Aim of the task
Give again, word for word, the lines below that run from the line with "There's a request" through the line with "And that's it.". Drop the pictures.

Exercise data
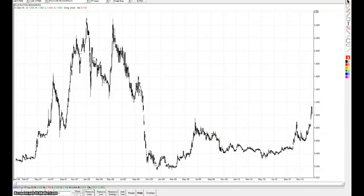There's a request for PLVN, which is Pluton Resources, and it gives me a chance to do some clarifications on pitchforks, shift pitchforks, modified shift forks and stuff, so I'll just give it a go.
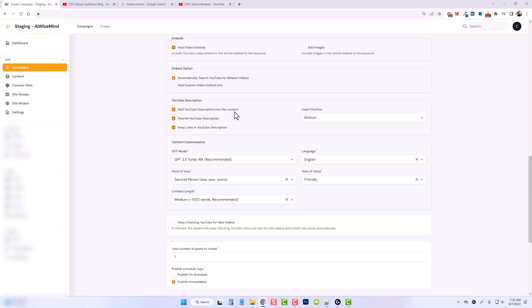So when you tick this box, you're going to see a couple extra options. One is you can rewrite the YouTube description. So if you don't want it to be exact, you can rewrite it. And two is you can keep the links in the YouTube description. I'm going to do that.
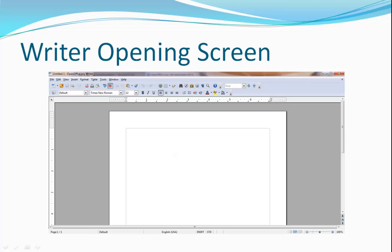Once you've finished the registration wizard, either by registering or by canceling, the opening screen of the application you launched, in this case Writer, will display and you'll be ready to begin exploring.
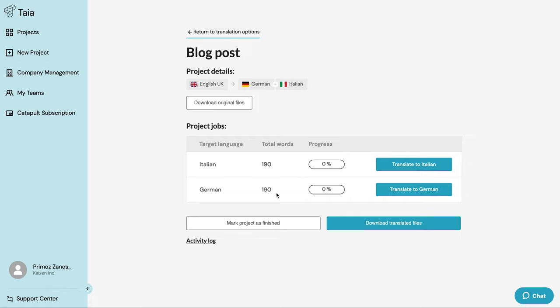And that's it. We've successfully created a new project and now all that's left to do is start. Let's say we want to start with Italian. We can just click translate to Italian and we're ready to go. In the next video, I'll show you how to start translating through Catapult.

...

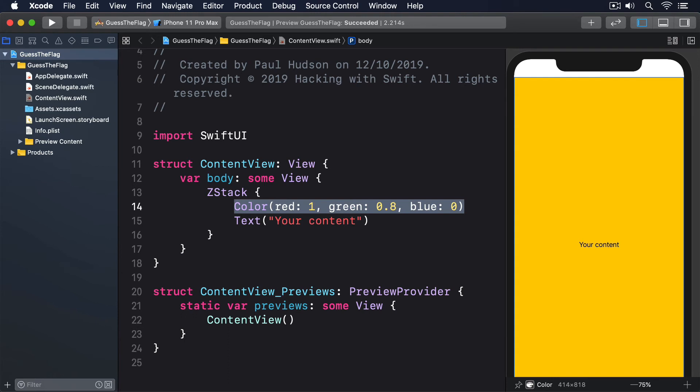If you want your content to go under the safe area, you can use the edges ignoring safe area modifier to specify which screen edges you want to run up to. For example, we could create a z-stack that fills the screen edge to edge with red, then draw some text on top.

...

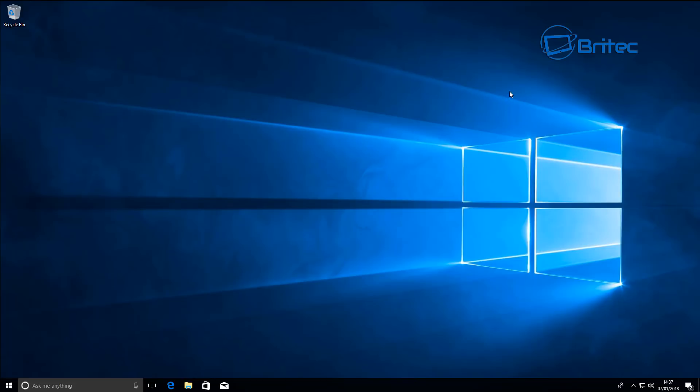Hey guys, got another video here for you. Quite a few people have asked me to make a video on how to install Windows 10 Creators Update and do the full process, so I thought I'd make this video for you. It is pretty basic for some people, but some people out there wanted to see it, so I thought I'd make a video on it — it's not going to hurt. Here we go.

Your response
There's a request for PLVN, which is Pluton Resources, and it gives me a chance to do some clarifications on pitchforks, shift pitchforks, modified shift forks and stuff, so I'll just give it a go.
So when you tick this box, you're going to see a couple extra options. One is you can rewrite the YouTube description. So if you don't want it to be exact, you can rewrite it. And two is you can keep the links in the YouTube description. I'm going to do that.
Once you've finished the registration wizard, either by registering or by canceling, the opening screen of the application you launched, in this case Writer, will display and you'll be ready to begin exploring.
And that's it. We've successfully created a new project and now all that's left to do is start. Let's say we want to start with Italian. We can just click translate to Italian and we're ready to go. In the next video, I'll show you how to start translating through Catapult.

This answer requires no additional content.